I have trouble parsing a json object with perl and I don't know if the issue is coming from the json or my script. Here is the json:

test.json

{
   "count":3,
   "entries": 
   [
      {
         "id":85,
         "application":AuditExampleLogin1,
         "user":admin,
         "time":"2011-11-22T10:29:37.422Z",
         "values":
null
      },
      {
         "id":87,
         "application":AuditExampleLogin1,
         "user":admin,
         "time":"2011-11-22T10:30:56.235Z",
         "values":
null
      },
      {
         "id":89,
         "application":AuditExampleLogin1,
         "user":admin,
         "time":"2011-11-22T10:33:15.000Z",
         "values":
null
      }
   ]
}

Here the script:
script.pl

#!/usr/bin/perl -w
use strict;
use JSON;
open FILE, 'test.json' or die "Could not open file inputfile: $!";
sysread(FILE, my $result, -s FILE);
close FILE or die "Could not close file: $!"; 
my @json = @{decode_json($result)};

And finally the error I'm getting:
error

malformed JSON string, neither array, object, number, string or atom,
at character offset 86 (before "AuditExampleLogin1,\n...") at     
./script.pl line 7.

Q: Can someone tell me whether the issue is coming from the json or my script and what to change in either case?

FYI the json is coming from Alfresco auditing api.

2
  • 3
    AFAIK that's not valid JSON, missing quotes around the values.
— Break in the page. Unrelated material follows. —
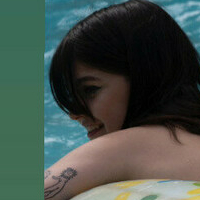 graceinheatfree Çıplak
Commented Nov 22, 2011 at 14:46
  • I was dealing with the exactly same problem. I have a question to the thread author: how do you access the @json variables? I keep geting that @json is a HASH in the memory but I can`t access the variables or loop trough it. Commented Jun 14, 2012 at 16:11

2 Answers 2

12

This:

"application":AuditExampleLogin1,

… is invalid JSON. AuditExampleLogin1 isn't an array, object, number, string or atom. I don't know what it is supposed to be, so I can't tell you what to change it to.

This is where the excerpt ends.